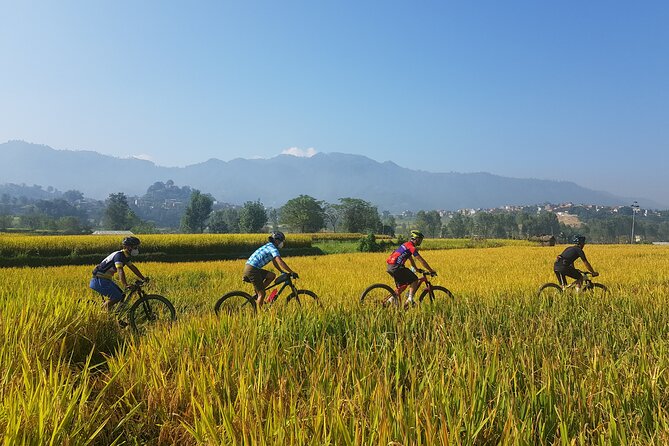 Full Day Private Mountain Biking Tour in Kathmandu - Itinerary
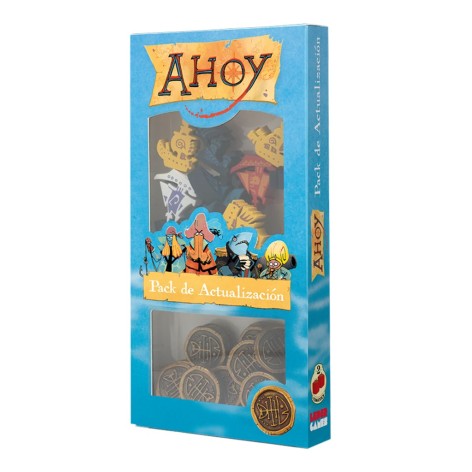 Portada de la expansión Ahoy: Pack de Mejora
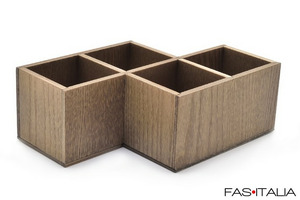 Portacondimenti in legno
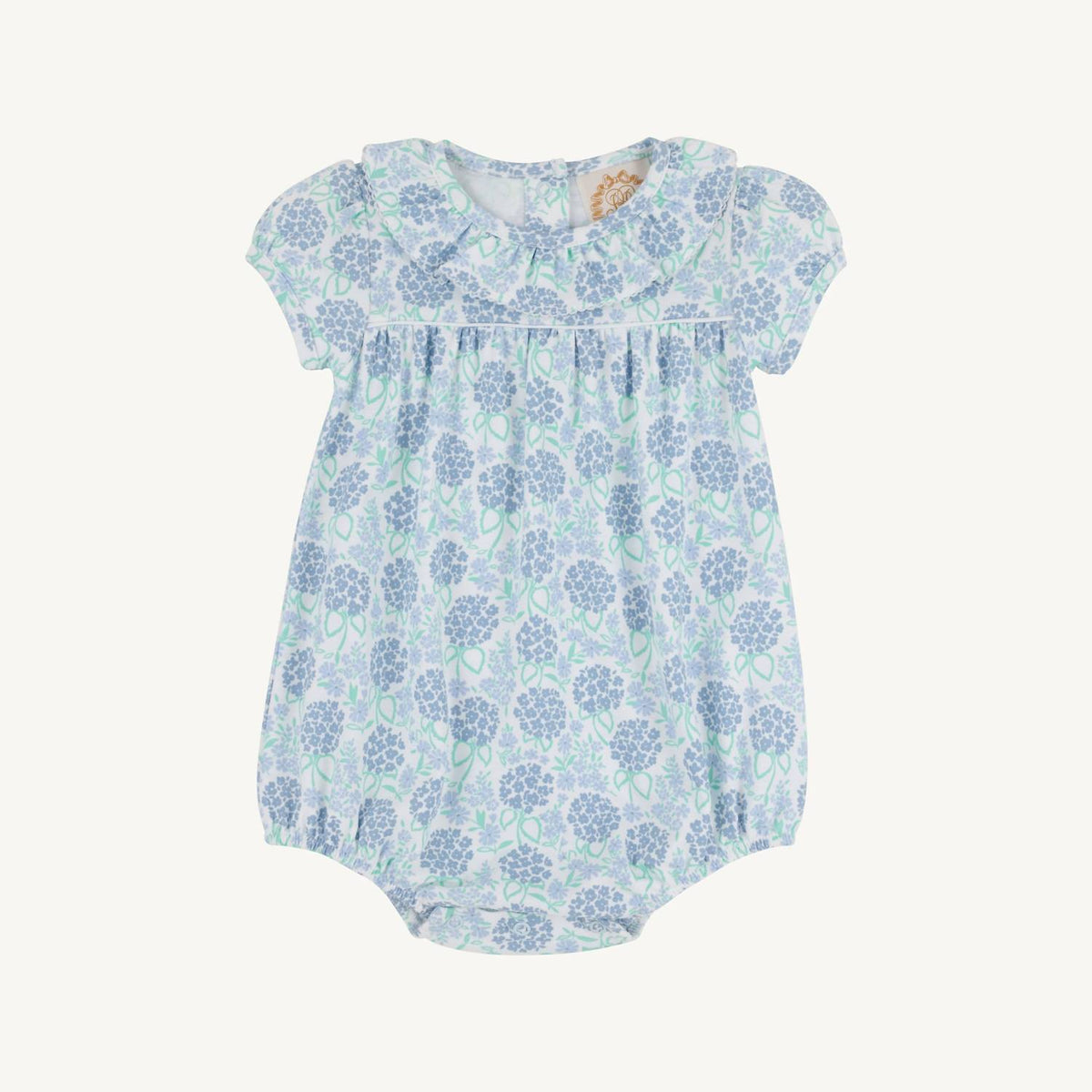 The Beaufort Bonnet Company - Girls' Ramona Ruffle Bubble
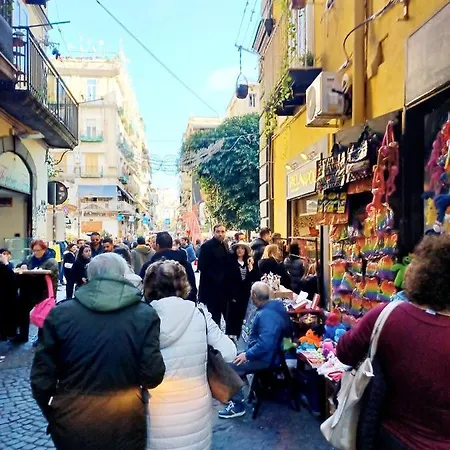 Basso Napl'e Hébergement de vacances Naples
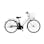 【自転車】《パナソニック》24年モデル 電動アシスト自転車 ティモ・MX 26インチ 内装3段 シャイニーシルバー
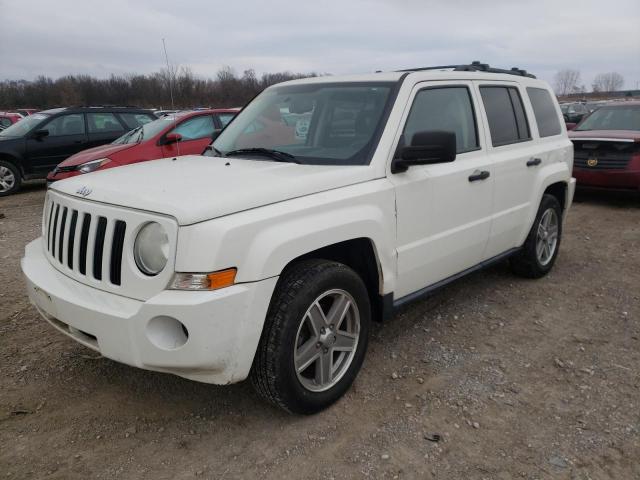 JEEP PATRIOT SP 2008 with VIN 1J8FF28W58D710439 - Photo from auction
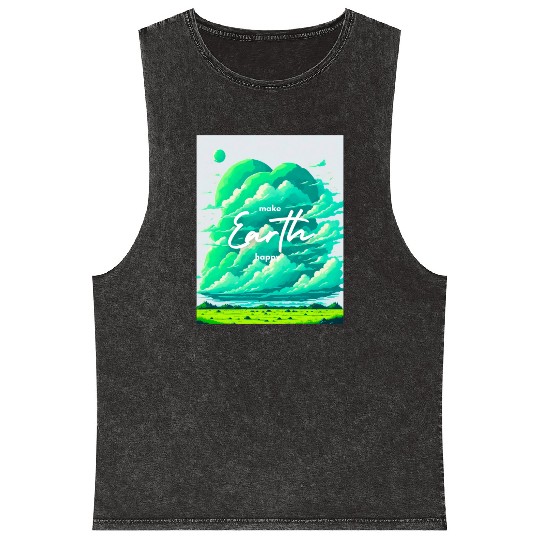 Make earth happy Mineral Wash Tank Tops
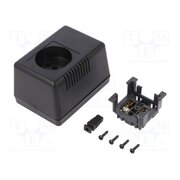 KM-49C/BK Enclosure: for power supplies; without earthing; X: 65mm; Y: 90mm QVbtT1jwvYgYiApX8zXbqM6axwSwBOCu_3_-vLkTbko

[AIM OF THE TASK] Give back the records above word for word, minus any image they hold.

[ANSWER FOR THIS EXERCISE]
 Full Day Private Mountain Biking Tour in Kathmandu - Itinerary
 Portada de la expansión Ahoy: Pack de Mejora
 Portacondimenti in legno
 The Beaufort Bonnet Company - Girls' Ramona Ruffle Bubble
 Basso Napl'e Hébergement de vacances Naples
 【自転車】《パナソニック》24年モデル 電動アシスト自転車 ティモ・MX 26インチ 内装3段 シャイニーシルバー
 JEEP PATRIOT SP 2008 with VIN 1J8FF28W58D710439 - Photo from auction
 Make earth happy Mineral Wash Tank Tops
 KM-49C/BK Enclosure: for power supplies; without earthing; X: 65mm; Y: 90mm QVbtT1jwvYgYiApX8zXbqM6axwSwBOCu_3_-vLkTbko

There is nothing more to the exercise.